A Organização Internacional do Trabalho (OIT) e órgãos de saúde ocupacional vêm alertando sobre os impactos da jornada estendida sobre a qualidade de vida, saúde mental e desempenho laboral. A PEC 221/2019 emerge como resposta legislativa a essas pressões, buscando constitucionalizar o novo padrão de jornada para evitar futuras regressões via legislação ordinária. O avanço da proposta na Câmara sinalizou apoio multipartidário, ainda que segmentos empresariais expressem preocupações com impactos operacionais e custos de adequação.
O que foi decidido
Não há decisão material nesta fase: trata-se de cobrança política por votação. O senador solicitou que o Senado Federal priorize a apreciação da PEC 221/2019, argumentando que a demora viola expectativa legítima de trabalhadores e representa descompromisso com agenda aprovada na Câmara. O parlamentar enfatizou que a proposta reflete reivindicação popular documentada há 1,5 ano e que sua votação contribuiria para dignificar o trabalho no país. Nenhuma deliberação foi tomada; a matéria permanece em pauta para votação futura.

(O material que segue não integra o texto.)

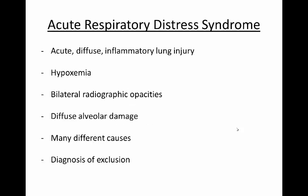Acute Respiratory Distress Syndrome involves acute, diffuse, inflammatory lung injury that leads to increased pulmonary vascular permeability, increased lung weight, and loss of aerated tissue. Hallmarks of ARDS include hypoxemia and bilateral radiographic opacities. The underlying lung pathology is diffuse alveolar damage.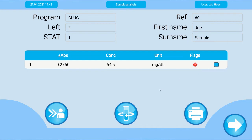It is possible to directly rerun this sample by pressing the repeat button in the software. Press the print button to create a printout of the result.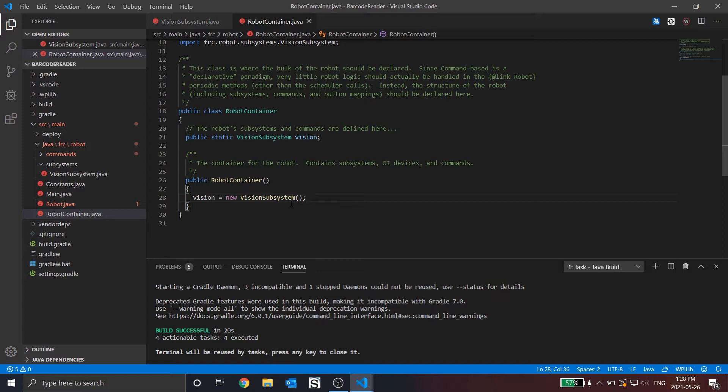Where one call could be saying 'do this' and the other call is saying 'no, don't do that,' which will cause your system to hang.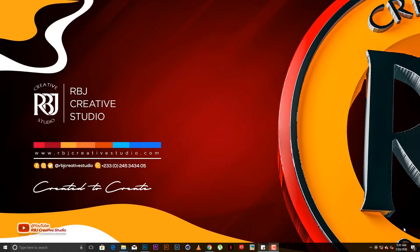What's good people, I'll be Bright Jones here from RBJ Creative Studio and today I'm bringing to you another tutorial.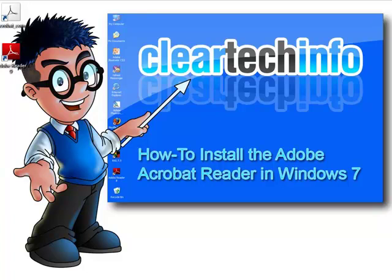For more tutorials, tips, tricks, and advice on computers, Internet, and technology, go to cleartechinfo.com.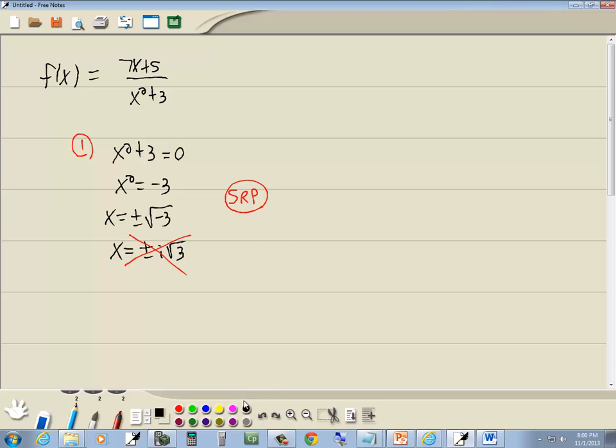And since I crossed everything out, then our domain is actually negative infinity, positive infinity.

Base normativa e precedentes
- Art. 7º, inciso XV, CF/88 — garante aos trabalhadores urbanos e rurais repouso semanal remunerado, preferencialmente ao domingo, sem detalhar duração ou configuração da jornada
- Art. 67, CLT — fixa em um dia semanal o direito ao repouso, permitindo negociação coletiva para fins de compensação
- Súmula 444, TST — esclarece que o intervalo interjornada (mínimo 11 horas entre jornadas) é direito irrenunciável do empregado
- Jurisprudência consolidada do TST — reconhece escalas 6x1 como válidas sob a CLT atual, mas não impeça futuro avanço legislativo
- Lei 13.467/2017 (Reforma Trabalhista) — mantém flexibilização de jornadas via acordo coletivo, sem proibir 6x1
Impacto prático
A aprovação da PEC 221/2019 implicaria:
- Alteração constitucional ao direito ao repouso: passagem de um para dois dias semanais consecutivos de descanso, com efeito erga omnes em todos os setores econômicos
- Renegociação de escalas: empresas enfrentariam necessidade de readequar turnos, rostering de pessoal e, potencialmente, contratação adicional para manutenção de funcionamento
- Impacto em setores de serviço contínuo: comércio, saúde, segurança e transporte teriam que conformar-se ao novo padrão ou buscar exceções via norma reguladora
- Benefício direto a trabalhadores: ampliação de tempo para repouso, convivência familiar e atividades de lazer, com potencial melhora em indicadores de saúde ocupacional
- Precedência remuneratória: questão ainda aberta sobre se a alteração ocasionaria aumento automático de folha salarial ou se permitiria manutenção de remuneração mediante redistribuição de encargos
O que observar
Pontos em aberto:
- Cronograma de votação: o Senado não informou data específica; pressões políticas e lobby empresarial podem atrasar a deliberação indefinidamente
- Ajustes regulatórios: mesmo aprovada a PEC, nova legislação ordinária será necessária para operacionalizar a mudança (prazos de transição, regimes excepcionais, compensação salarial)
- Modicidade econômica: argumentos sobre impacto em pequenos negócios e empresas de baixa margem podem levar a concessões (setores excepcionados, modelos híbridos)
- Jurisprudência pós-reforma: TST terá papel-chave em interpretar transição e dirimir questões sobre direitos adquiridos de empregados já em jornada 6x1
A tramitação segue sob escrutínio de centrais sindicais e confederações empresariais, sinalizando que a votação será disputada politicamente e tecida com argumentos econômicos e sociais divergentes.